La narrazione prende le mosse da una data cruciale: il 1756. In quell’anno, dalla città di Scutari, una quarantina di famiglie di fede cattolica presero una decisione drammatica. Per non sottomettersi ai nuovi dominatori, si imbarcarono su navi di fortuna dirette verso le coste marchigiane, approdando ad Ancona. Da lì, il viaggio della speranza li condusse a Roma, dove l’allora Pontefice si prese carico di trovare loro una sistemazione adeguata.

Saitto traccia con precisione chirurgica le tappe di questo esodo:

  • L’arrivo in Italia: Lo sbarco ad Ancona e l’accoglienza romana.
  • I primi insediamenti: Il trasferimento iniziale in Capitanata, presso Poggio Imperiale.
  • I trasferimenti successivi: La decisione di una parte di queste famiglie, dopo una breve permanenza al Sud, di risalire la penisola per stabilirsi nella Tuscia viterbese, a Pianiano, all’interno del territorio che un tempo faceva parte del celebre Stato di Castro.

Molto più di un saggio genealogico

Il grande merito dell’autore è quello di non essersi limitato a una sterile cronologia degli spostamenti. Saitto indaga a fondo le motivazioni di questo esodo, ricostruendo il contesto sociale, economico e storico in cui questi profughi settecenteschi si trovarono a vivere.
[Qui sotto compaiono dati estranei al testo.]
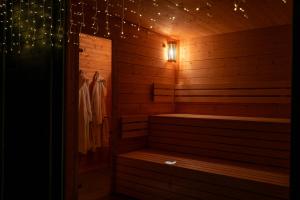 a sauna with a bench in a room with lights at Cabin Westerwald Sauna, 5G Internet, E-Ladesäule in Niederdreisbach +38 photos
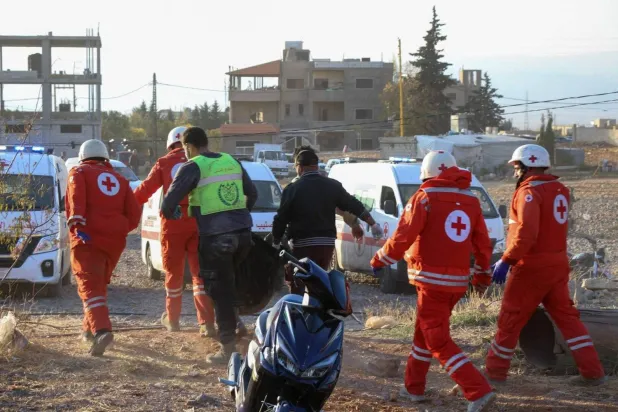 
Lebanese Civil Defense personnel search for victims following an Israeli airstrike on Baalbek, November 14, 2024 (AFP)
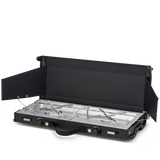 A black portable folding camp stove with two burners, shown open on a clean white background. The stove features a black metal body with silver stainless steel burner grates and control knobs.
La pubblicazione spazia sulle tematiche storiche dell’Italia di metà Settecento, un’epoca in cui le politiche agrarie cercavano di assegnare nuove terre a popolazioni disposte a dedicarvisi anima e corpo, offrendo in cambio la speranza di migliori condizioni di vita. L’autore ci mostra come queste famiglie affrontarono il loro nuovo percorso, ricostruendo l’albero genealogico e la successione degli antenati presenti a Poggio Imperiale fino ai giorni nostri.

Corsi e ricorsi storici

Ciò che rende quest’opera una lettura imprescindibile è la sua incredibile attualità. Attraverso vicende veritiere e finora in gran parte sconosciute, Saitto ricostruisce un frammento prezioso della nostra “storia nascosta”. Leggere oggi delle dinamiche di accoglienza, di fuga e di insediamento di queste famiglie albanesi del ‘700 ci offre una chiave di lettura potentissima per comprendere il presente, ricordandoci che le immigrazioni nella nostra Italia non sono mai cessate e continuano, oggi più che mai, a plasmare la nostra società.

All’autore, ricercatore instancabile e non nuovo a pubblicazioni di così grande interesse, va il nostro più sincero plauso e le nostre congratulazioni. Abbiamo la certezza che questa sua fatica non sarà l’ultima: la ricerca storica è un ambito affascinante e inesauribile, un pozzo da cui estrarre sempre nuove, sorprendenti conoscenze sulle nostre radici.